• Am. J. Respir. Crit. Care Med. · Nov 2016

    Review

    Laryngeal Dysfunction - Assessment and Management for the Clinician.

    • James H Hull, Vibeke Backer, Peter G Gibson, and Stephen J Fowler.
    • 1 Department of Respiratory Medicine, Respiratory Biomedical Research Unit, Royal Brompton & Harefield National Health Service Foundation Trust, London, United Kingdom.
    • Am. J. Respir. Crit. Care Med. 2016 Nov 1; 194 (9): 1062-1072.

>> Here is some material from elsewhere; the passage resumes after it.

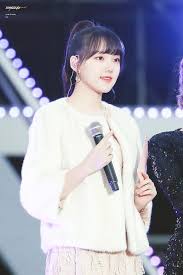 On top of that she has also joined the skysworn. 181104 Yerin Updated Cr Owner ì˜ˆë¦° ì—¬ìžì¹œêµ¬ Yerin Gfriend Facebook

    AbstractThe larynx is one of the most highly innervated organs in humans and serves a number of vitally important, complex, and highly evolved biological functions. On a day-to-day basis, the larynx functions autonomously, addressing several roles including airway protection, swallowing, and phonation. In some situations the larynx appears to adopt a functional state that could be considered maladaptive or "dysfunctional." This laryngeal dysfunction can underpin and account for a number of respiratory symptoms that otherwise appear incongruous with a clinical disease state and/or contribute to the development of symptoms that appear "refractory" to treatment. These include conditions associated with a heightened tendency for inappropriate laryngeal closure (e.g., inducible laryngeal obstruction), voice disturbance, and chronic cough. Recognition of laryngeal dysfunction is important to deliver targeted treatment and failure to recognize the condition can lead to repeated use of inappropriate treatment. Diagnosis is not straightforward, however, and many patients appear to present with symptoms attributable to laryngeal dysfunction, but in whom the diagnosis has been overlooked in clinical work-up for some time. This review provides an overview of the current state of knowledge in the field of laryngeal dysfunction, with a focus on pragmatic clinical assessment and management.